Top of INFORMATION PROVIDED

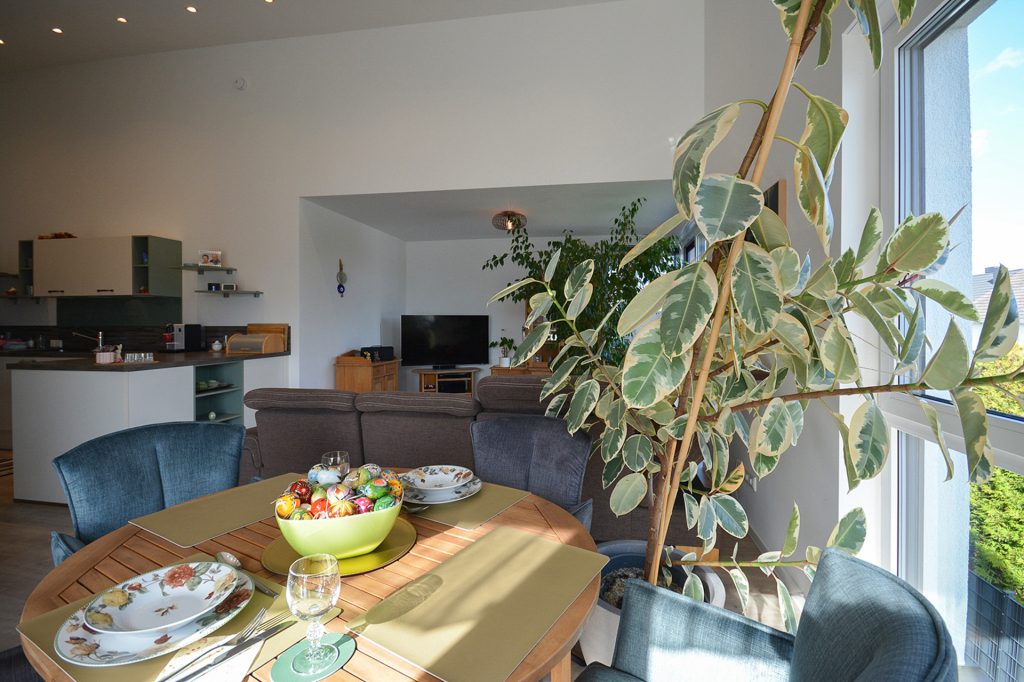 Gütelhöfer Immobilien - Immobilienangebot - Weilerswist / Lommersum - Alle - Neuwertige und großzügige Dreiraumwohnung mit Dachterrasse und Garage in Weilerswist / Lommersum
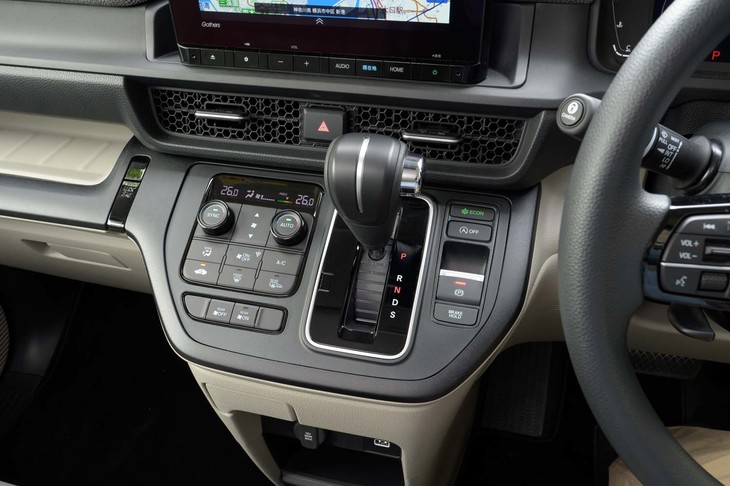ガソリンエンジン車（写真）のシフトセレクターは、ハイブリッド車とは異なるレバー式。パーキングブレーキは全車電気式となっている。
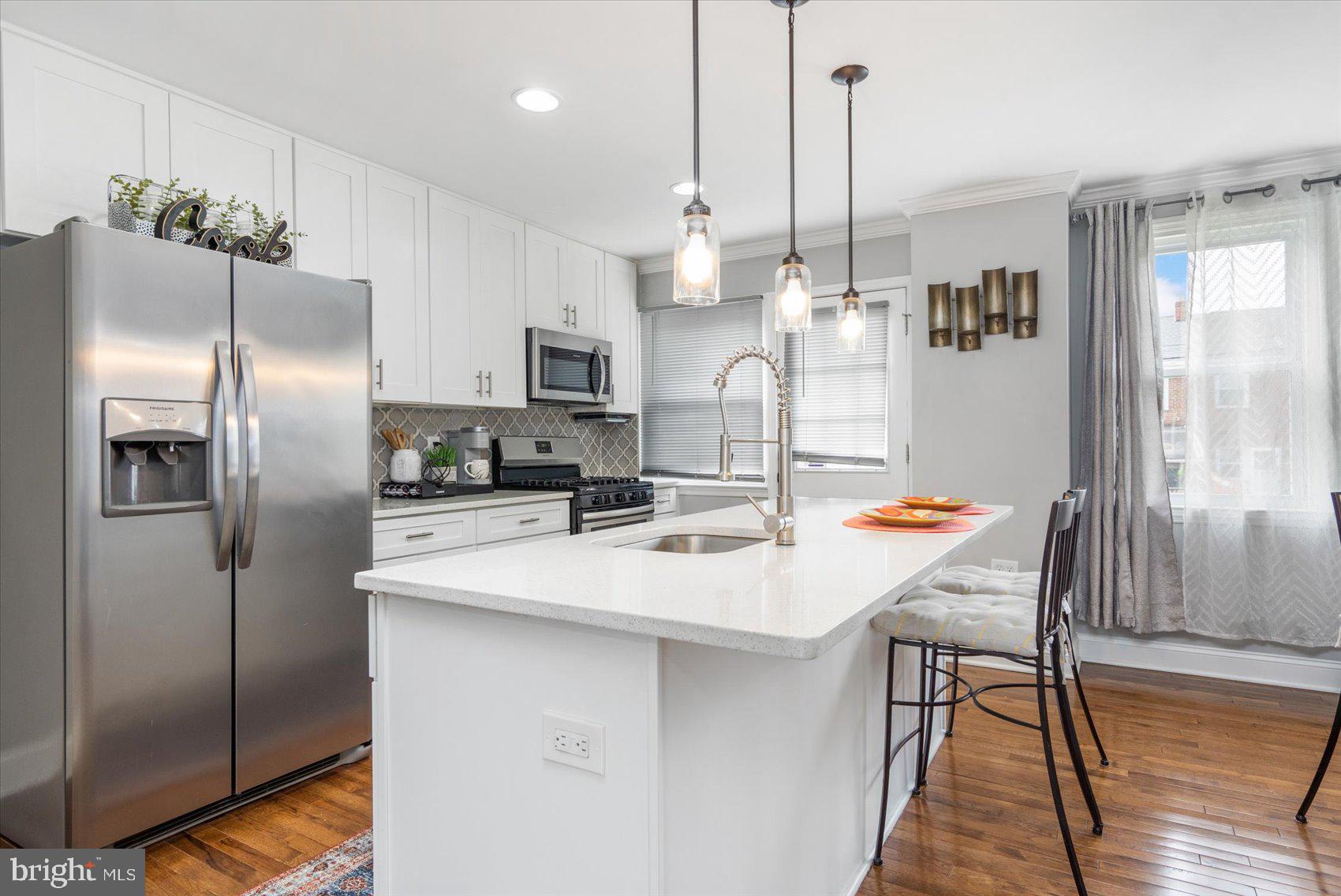 EDNOR GARDENS - LAKESIDE - Residential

Bottom of INFORMATION PROVIDED

• PROBLEM
Give the preceding data back exactly, minus every picture.

• SOLUTION TO THE EXERCISE
 Gütelhöfer Immobilien - Immobilienangebot - Weilerswist / Lommersum - Alle - Neuwertige und großzügige Dreiraumwohnung mit Dachterrasse und Garage in Weilerswist / Lommersum
ガソリンエンジン車（写真）のシフトセレクターは、ハイブリッド車とは異なるレバー式。パーキングブレーキは全車電気式となっている。
 EDNOR GARDENS - LAKESIDE - Residential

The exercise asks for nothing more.